Principle

Our pigment settles at the bottom of the liquid, like sand in the sea, and is dispersed when shaken, then falls back to the bottom. It is due to the pigments’ non-solubility that the finished product in its tube must be thoroughly shaken, so that the pigment can form a suspension before use.

Composition of an “ink” for restorative pigmentation

The finished product is made up of 3 groups of ingredients :

  • The pigment (or mix of pigments) gives the product its colour and is the active ingredient.
  • The dispersant is a liquid product in which a powder is dispersed.
  • The additives: substances in small quantities that give the finished product special properties.

The Pigment

  • The pigment can be mineral – metal oxides. It can be natural (extracted from the ore) or synthetic (produced through chemical synthesis). For example, iron oxide can be extracted from ochre quarries or by oxidizing iron. Similarly, red iron oxide can be found in its natural state (extracted from red ochre) or obtained by calcination of yellow ochre at 800°C. Black iron oxide can be naturally extracted from magnetite or obtained through chemical synthesis, and the same principle applies for all other mineral extracts. Ultramarine exists in a natural state (lapis lazuli is its purest form), but it can also be chemically produced (sodium aluminosilicate sodalite). Ultramarine blue can also turn pink or purplish-red through halogenation (using chlorine). The same goes for all mineral pigments. When a mineral pigment is naturally sourced using only physical processes (grinding, sedimentation, filtration, centrifugation, pressure, etc.) rather than chemical changes, this pigment is authorized for use in ORGANIC products.
  • Pigments may be organic, meaning derived from carbon chemistry. Organic pigments had their heyday in the 18th century, with the chemical industrial revolution and the dye boom. While there are many natural organic dyes, nearly all organic pigments are synthetic. Natural organics include Tyrian purple (which no longer exists), which was extracted from Murex sea snails, and carmine or carminic acid, extracted from an insect, the cochineal, which is still used today.

The dispersant

This is the product required to produce a liquid dye.

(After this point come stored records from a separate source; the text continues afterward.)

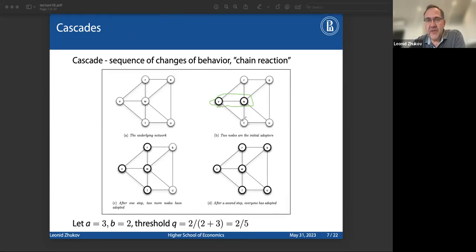In these models, we do not deactivate nodes — it is a progressive process. With every step we get more and more nodes activated. You can think about this as people trying to switch from one mobile operator to another, or maybe thinking about the effect of advertising.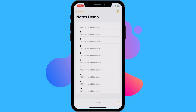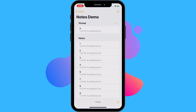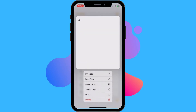Grab your phone and open the notes app. From the list, slide your finger from left to right on any note and this will bring up the pin icon. Tap on this and now that particular note will always be pinned to the top. You can also do this by pressing and holding down your finger on any note — this will bring up a few options. Just tap on pin note and this will also pin the note to the top.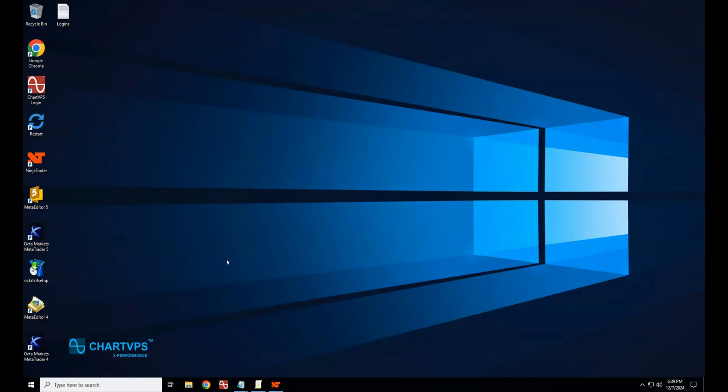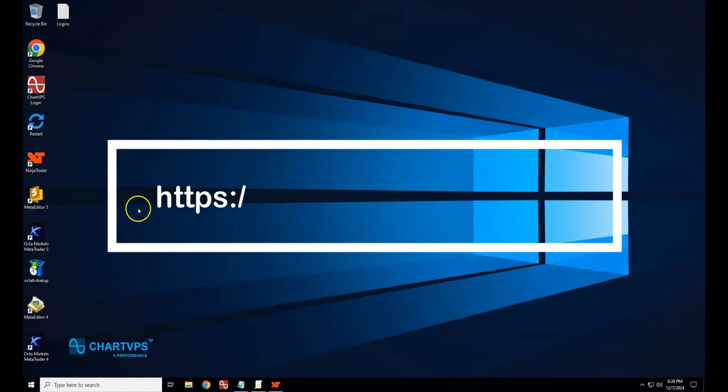There may be times when you forget your server password, your server IP changes during maintenance, or you have a freshly created server. In all these cases, you can easily retrieve your server login information via the ChartVPS portal. Follow these simple steps to find your login credentials.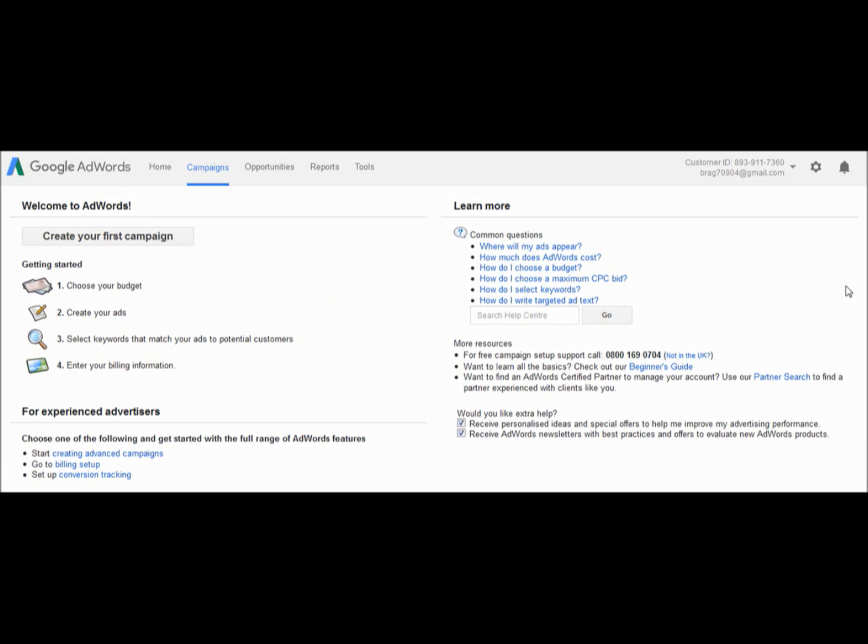Now, it's time to link your account to my manager account. I need you to send me your 10-digit customer ID number. You will find the number on the top right-hand side of the page, over here.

  • It can be oily (rare): castor oil or other mineral or natural oils.
  • It is normally aqueous: water, propylene glycol, glycerine, etc.

The additives

These are products that are added to give the finished product additional properties:

  • Dampening agents or dispersants to facilitate pigment dispersion,
  • Isopropyl alcohol to ensure sterility after opening and improve binding,
  • Polymers to limit sedimentation and thicken the product,
  • Or, conversely, thinning products (butylene glycol),
  • Preservatives: the use of preservatives is only permitted by law to preserve a sterile state, and not to produce it.
  • pH modifiers to change the product’s pH to the skin’s pH,
  • Binding resins and other binders to fix the pigment in the skin,

>>  Remember that all ingredients, particularly additives, must be proven harmless by their manufacturer.

In conclusion, tattooing “ink” is a complex product that can vary between manufacturers, offering different properties and qualities, as well as differing levels of biocompatibility and toxicity.